The “Transparent“ Porsche: Laboratory-on-wheels cuts electronics development time
By Mike Hanlon
September 1, 2005
September 2, 2005. The word “Cayenne” designates one of Porsche’s best known automotive achievements but it also, apparently, means “clarity.” Which is the relevant word pertaining to one of the world famous design company’s development vehicle used in assessing new components and design changes. The “transparent” laboratory-on-wheels used by Porsche is quite unique the world over and used by Porsche’s engineers for the ongoing development of safe and reliable electronic systems. It enables Porsche engineers to test future electronic systems on the road under driving conditions a year earlier than is normal in the development process and Porsche believes its leadership in this area will enable it to develop the most sophisticated, reliable and high-performance electronic systems available and reduce the development time for new models to reach market.

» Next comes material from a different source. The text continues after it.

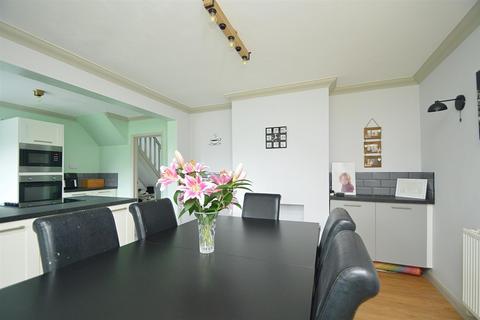 undefined, IDEAL FAMILY HOME * SHANKLIN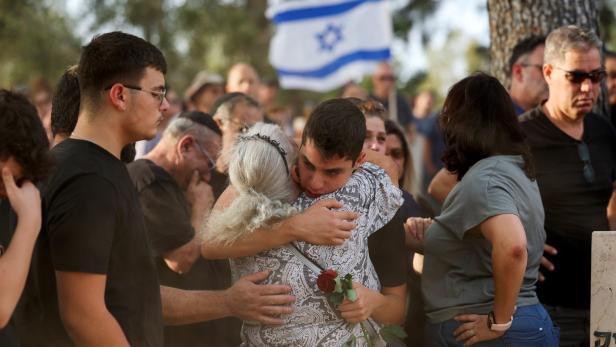 Trauer bei einem der vielen Begräbnisse in Israel nach dem Massaker der Hamas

Large cut-outs in the doors, lids and wheel arches of the Cayenne are replaced with clear plastic covers enabling the development engineers to observe, check and, where necessary, exchange any electrical and electronic power-consuming items, cables and connections. With the exception of the driver’s seat, this special model intentionally lacks a normal interior, other seats or even a dashboard, thus providing direct and free access to all electronic components fitted within the vehicle.
The “transparent“ Cayenne, benefiting from this open design, offers two significant advantages. First, the development engineers are able to emulate and configure old and new functions including sensors and actuators, as well as the infrastructure of every Porsche vehicle without a major effort, even if the function involved is actually not even included in the Cayenne.
One example of a new development recently tested by Porsche was a rear spoiler that altered its height and attitude dependent on road speed, with the complete component including its control system needed to be fitted and tested. The second point is that this unique laboratory on wheels serves to verify not only the reliability of new components, but also their interaction within the overall system under real-life driving conditions.
Using their “laboratory on wheels“, Porsche’s engineers are able to start testing the complete on-board electronics of new model generations about a year earlier than before. And this is a significant time-saving, considering that the overall period for developing a new vehicle is only a few years.
So far engineers were not able to test new systems under realistic conditions until the first prototypes were available, at the very earliest. Now, using the “transparent” Porsche, they are in a position to check and verify environmental conditions such as heat, cold or air humidity as well as vibrations under practical driving conditions at a much earlier point in time. Starting the test phase so much earlier, the engineers are thus in a position to enhance quality to an even higher level and have more time for the set-up process so important for and typical of Porsche.
The “laboratory on wheels” adds a further level to Porsche’s pyramid-shaped test philosophy in the development of electronic components. This pyramid starts with the assurance of quality by suppliers and is followed by elaborate tests conducted by Porsche’s own engineers – including virtual simulation or tests on dynamometers and test rigs.
Actual verification of the overall system, however, cannot start until real-time signals are generated and reliably processed in a rolling vehicle. Now the new “laboratory on wheels” also supports Porsche’s proven principle of making fewer and fewer changes the closer a vehicle comes to the start of series production.
With Porsche being a premium manufacturer strictly oriented to the customer, safety and reliability receive top priority in the process of digitalisation. Following the Cayenne, the current 911 Carrera was the second Porsche to enter the market with a comprehensive electronic on-board network. Indeed, without this electronic network a lot of the progress featured in the new 911 and based on the ongoing development of mechanical systems would simply not have been possible.
The best example is the Sports Chrono Package which, incorporating no less than 16 control units, allows the driver of the 911 Carrera, Boxster and Cayman S to choose an even more sporting and dynamic style of motoring.
Porsche’s engineers responsible for electronic development are already working on a second generation of networks. Using a new architecture, they are systematically determining which functions are to be allocated to which control units, how many computers are in use and how the various units and systems communicate with one another.
The core of this architecture is a standard platform later to be featured in all new Porsche cars. And it is precisely for this reason that the “electronic laboratory on wheels” is the ideal tool for an even more sophisticated development process.